Instalados muy cerca del corazón del yo lírico, deambulan, pues, estos hombres y mujeres del ayer, “tropezando con sus sombras por los pasillos”, escuchando aún sus ecos, enredando sus sogas, diluyendo sus tristezas entre el alcohol y las lunas negras de tantas derrotas.
El verso de González Moreno -dado su habitual dominio formal-, se alza delicado, sugeridor, y encuentra acomodo en cinco “baldas” o secciones en las que conviven el “amargo Dylan Thomas, meticulosamente/ etílico”, Alejandra Pizarnik “desde los terraplenes del insomnio”, “la muerte con esmoquin” de Mario Sa-Carneiro, el “camarada Vladimir/ –Maïakovsky-, ebanista del aire”, “los paisajes del amor y de la muerte” de Antero de Quental, Georg Trakl “sobre las piedras blancas de Cracovia” o Mariano José de Larra, “pocos instantes antes de empezar a enfriarse”.

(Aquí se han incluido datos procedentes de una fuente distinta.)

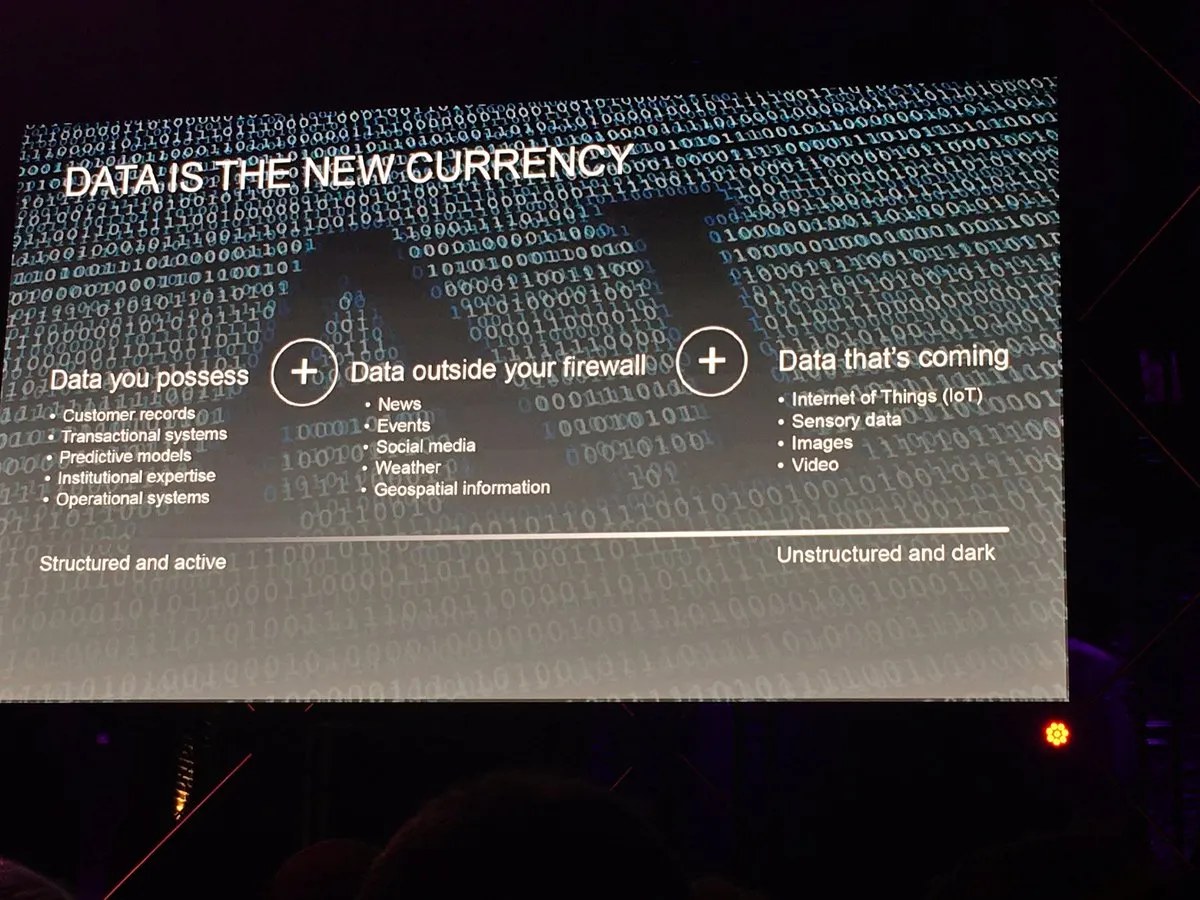 Slide titled &lsquo;Data is the new currency&rsquo; breaking down data you possess, data outside your firewall, and data that&rsquo;s coming.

Al cabo, quedan repartidos por estas páginas, los dolientes enigmas y los aterradores ámbitos que pisaron estos suicidas, que abrazaron la eternidad desprendiéndose de sí mismos. Y queda, sin duda, el aroma de una poesía que guarda en sus adentros mucha sabiduría y muy buen hacer, que atrapa y que emociona, que vive para ver volver, que palpita junto a “ese murmullo de resina o tinta/ que gotea despacio cada noche/ como una herida abierta/ entre mis libros”.